Chapter 8 Conversion Methods

Chapter 8 Conversion Methods

import pandas as pd
import numpy as np
url = 'https://github.com/mattharrison/datasets/raw/master/data/vehicles.csv.zip'

df = pd.read_csv(url, usecols = ['city08', 'fuelType1'])
city_mpg1 = df.city08
fuel_type1 = df.fuelType1

Exercise 1

Convert a numeric column to a smaller data type

city_mpg1.dtype
dtype('int64')
city_mpg2 = city_mpg1.astype('int16')
city_mpg2.dtype
dtype('int16')

Exercise 2

Calculate the memory savings by converting to a smaller numeric types.

mem_delta_cty_mpg = city_mpg2.memory_usage(deep=True) - city_mpg1.memory_usage(deep=True)

print('By converting the data type of the `city_mpg1` series we have successfully altered the amount of memory required to store this infomration by {} bytes.'.format(mem_delta_cty_mpg))
By converting the data type of the `city_mpg1` series we have successfully altered the amount of memory required to store this infomration by -246864 bytes.

Exercise 3

Convert a string column into a categorical type

fuel_type1.dtype
dtype('O')
fuel_type2 = fuel_type1.astype('category')
fuel_type2.dtype
CategoricalDtype(categories=['Diesel', 'Electricity', 'Midgrade Gasoline', 'Natural Gas',
                  'Premium Gasoline', 'Regular Gasoline'],
, ordered=False)

Exercise 4

Calculate the memory savings by converting to a categorical type.

mem_delta_cty_mpg = fuel_type2.memory_usage(deep=True) - fuel_type1.memory_usage(deep=True)

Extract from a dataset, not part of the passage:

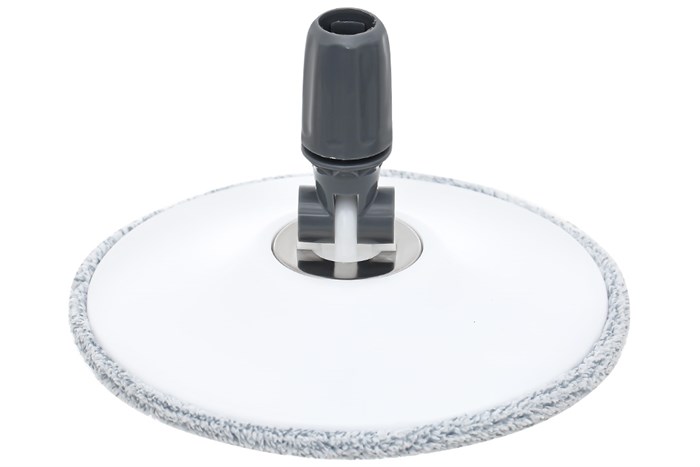 Bộ lau nhà 360 Delites AB0814 Màu Trắng - Xám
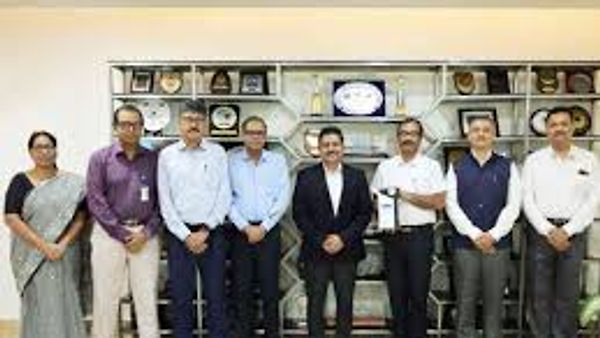 GRSE ಸಸ್ಟೈನಬಲ್ ಗವರ್ನೆನ್ಸ್ ಚಾಂಪಿಯನ್ 2024 ರ ಪ್ರಶಸ್ತಿ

print('By converting the data type of the `fuel_type1` series we have successfully altered the amount of memory required to store this infomration by {} bytes.'.format(mem_delta_cty_mpg))
By converting the data type of the `fuel_type1` series we have successfully altered the amount of memory required to store this infomration by -2948768 bytes.